>>>

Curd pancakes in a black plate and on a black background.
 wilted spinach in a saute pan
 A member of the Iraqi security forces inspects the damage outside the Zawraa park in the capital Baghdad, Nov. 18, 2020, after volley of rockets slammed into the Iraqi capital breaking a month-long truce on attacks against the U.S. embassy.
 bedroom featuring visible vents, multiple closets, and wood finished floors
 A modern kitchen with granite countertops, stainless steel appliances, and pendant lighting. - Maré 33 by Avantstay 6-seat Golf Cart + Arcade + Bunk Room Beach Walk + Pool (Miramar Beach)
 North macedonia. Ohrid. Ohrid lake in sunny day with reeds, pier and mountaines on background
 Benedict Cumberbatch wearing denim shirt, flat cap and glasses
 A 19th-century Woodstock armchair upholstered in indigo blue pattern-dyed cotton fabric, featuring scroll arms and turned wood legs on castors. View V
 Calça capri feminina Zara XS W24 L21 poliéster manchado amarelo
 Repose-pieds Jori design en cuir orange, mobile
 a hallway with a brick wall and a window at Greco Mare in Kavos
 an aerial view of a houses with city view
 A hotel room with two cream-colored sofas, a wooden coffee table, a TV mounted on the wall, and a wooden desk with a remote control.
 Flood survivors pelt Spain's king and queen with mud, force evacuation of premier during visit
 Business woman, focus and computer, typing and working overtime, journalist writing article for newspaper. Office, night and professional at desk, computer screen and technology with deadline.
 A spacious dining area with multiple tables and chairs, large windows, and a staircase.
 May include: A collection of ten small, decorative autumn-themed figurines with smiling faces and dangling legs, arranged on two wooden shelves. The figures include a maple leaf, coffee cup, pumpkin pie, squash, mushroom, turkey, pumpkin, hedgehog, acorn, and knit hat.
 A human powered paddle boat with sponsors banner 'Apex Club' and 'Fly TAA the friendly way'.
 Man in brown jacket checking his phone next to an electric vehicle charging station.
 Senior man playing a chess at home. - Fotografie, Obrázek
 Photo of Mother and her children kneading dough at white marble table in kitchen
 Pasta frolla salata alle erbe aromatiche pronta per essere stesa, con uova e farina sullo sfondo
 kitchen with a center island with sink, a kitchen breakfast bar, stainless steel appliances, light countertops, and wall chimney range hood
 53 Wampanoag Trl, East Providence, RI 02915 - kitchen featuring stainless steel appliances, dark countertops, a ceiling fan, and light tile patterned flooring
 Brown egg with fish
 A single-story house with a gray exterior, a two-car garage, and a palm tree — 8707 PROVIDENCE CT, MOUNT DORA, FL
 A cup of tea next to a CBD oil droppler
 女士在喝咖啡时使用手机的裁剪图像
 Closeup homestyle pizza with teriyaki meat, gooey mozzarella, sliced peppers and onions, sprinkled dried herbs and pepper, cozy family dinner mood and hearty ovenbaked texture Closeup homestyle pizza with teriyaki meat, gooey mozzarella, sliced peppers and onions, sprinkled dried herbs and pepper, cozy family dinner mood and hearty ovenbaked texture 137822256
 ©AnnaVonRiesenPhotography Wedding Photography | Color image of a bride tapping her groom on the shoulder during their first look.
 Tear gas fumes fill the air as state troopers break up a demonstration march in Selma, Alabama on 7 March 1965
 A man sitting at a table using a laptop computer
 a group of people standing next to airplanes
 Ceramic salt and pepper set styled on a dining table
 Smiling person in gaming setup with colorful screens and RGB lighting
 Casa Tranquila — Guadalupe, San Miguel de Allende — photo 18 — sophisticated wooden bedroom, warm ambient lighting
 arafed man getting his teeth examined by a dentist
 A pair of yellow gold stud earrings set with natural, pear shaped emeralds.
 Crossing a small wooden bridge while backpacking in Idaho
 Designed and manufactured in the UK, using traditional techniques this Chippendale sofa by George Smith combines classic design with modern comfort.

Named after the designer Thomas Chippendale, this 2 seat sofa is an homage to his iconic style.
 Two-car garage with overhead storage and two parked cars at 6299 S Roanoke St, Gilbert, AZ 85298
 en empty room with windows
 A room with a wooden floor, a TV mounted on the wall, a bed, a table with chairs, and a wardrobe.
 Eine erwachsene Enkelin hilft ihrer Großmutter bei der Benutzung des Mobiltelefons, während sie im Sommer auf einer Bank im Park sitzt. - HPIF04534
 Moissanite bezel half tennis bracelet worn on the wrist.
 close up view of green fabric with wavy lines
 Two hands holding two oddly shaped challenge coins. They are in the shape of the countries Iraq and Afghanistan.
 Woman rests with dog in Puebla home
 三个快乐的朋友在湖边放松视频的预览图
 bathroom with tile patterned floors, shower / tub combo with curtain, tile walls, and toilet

<<<

From the records above, transcribe exactly the run of lines that opens with the line holding "A 19th-century Woodstock" and closes with the line holding "an aerial view of a houses with city view", both included.

> _TASK OUTPUT_:
 A 19th-century Woodstock armchair upholstered in indigo blue pattern-dyed cotton fabric, featuring scroll arms and turned wood legs on castors. View V
 Calça capri feminina Zara XS W24 L21 poliéster manchado amarelo
 Repose-pieds Jori design en cuir orange, mobile
 a hallway with a brick wall and a window at Greco Mare in Kavos
 an aerial view of a houses with city view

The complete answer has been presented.